We tested the ability of the Affymetrix technology to discriminate between closely related genes using the large CYP gene family. DNA homology relationships between the 3' 1,000 bp of some human cytochromes P-450 examined in this study are depicted in Fig. 1. Probe sequences representing each gene were selected for predicted hybridization efficiency and filtered to exclude probe sequences that are complementary to >23 of 25 bases in other gene sequences represented on the same microarray. Probe specificity was evaluated using a microarray designated "Merck-1" that represents each of 32 human CYP genes by 60 probe pairs from the 3'-terminal 1,000 bases of each gene sequence.
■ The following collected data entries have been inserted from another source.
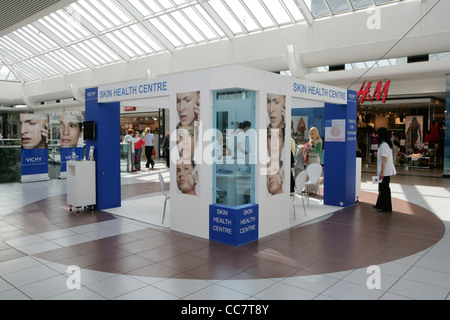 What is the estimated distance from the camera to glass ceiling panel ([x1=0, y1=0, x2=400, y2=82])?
13.7 m

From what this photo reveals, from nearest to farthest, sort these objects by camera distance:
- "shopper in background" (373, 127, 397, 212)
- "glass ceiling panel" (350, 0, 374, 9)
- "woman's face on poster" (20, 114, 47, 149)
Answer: "shopper in background" (373, 127, 397, 212)
"woman's face on poster" (20, 114, 47, 149)
"glass ceiling panel" (350, 0, 374, 9)

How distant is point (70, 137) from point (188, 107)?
24.5ft

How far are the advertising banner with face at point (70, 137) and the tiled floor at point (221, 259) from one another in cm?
435

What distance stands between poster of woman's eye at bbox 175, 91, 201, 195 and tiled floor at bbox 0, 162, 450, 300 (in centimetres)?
A: 80

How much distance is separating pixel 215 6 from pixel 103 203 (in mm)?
9534

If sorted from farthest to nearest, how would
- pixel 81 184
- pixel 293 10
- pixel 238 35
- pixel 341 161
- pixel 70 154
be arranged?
1. pixel 238 35
2. pixel 293 10
3. pixel 70 154
4. pixel 341 161
5. pixel 81 184

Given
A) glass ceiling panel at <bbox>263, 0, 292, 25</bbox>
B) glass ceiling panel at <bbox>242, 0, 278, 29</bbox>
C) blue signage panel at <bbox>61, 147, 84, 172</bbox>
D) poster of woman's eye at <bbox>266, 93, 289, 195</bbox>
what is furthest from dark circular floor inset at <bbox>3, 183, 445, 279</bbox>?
glass ceiling panel at <bbox>242, 0, 278, 29</bbox>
Biotin-labeled RNAs were prepared by in vitro transcription of cDNA clones for human genes: CYP2A6, CYP2C19, CYP2D6, CYP3A4, CYP3A5, and CYP3A7. These biotin-RNAs were combined in sets of four to include one CYP3A gene (CYP3A4, CYP3A5, or CYP3A7) per set and hybridized to microarray "Merck-1." Each transcript was used at 30 pM in a 200-µl hybridization sample. Under these conditions, 30 pM corresponds to roughly 1 part in 5,000 in an mRNA population, or about 60 transcripts per mammalian cell.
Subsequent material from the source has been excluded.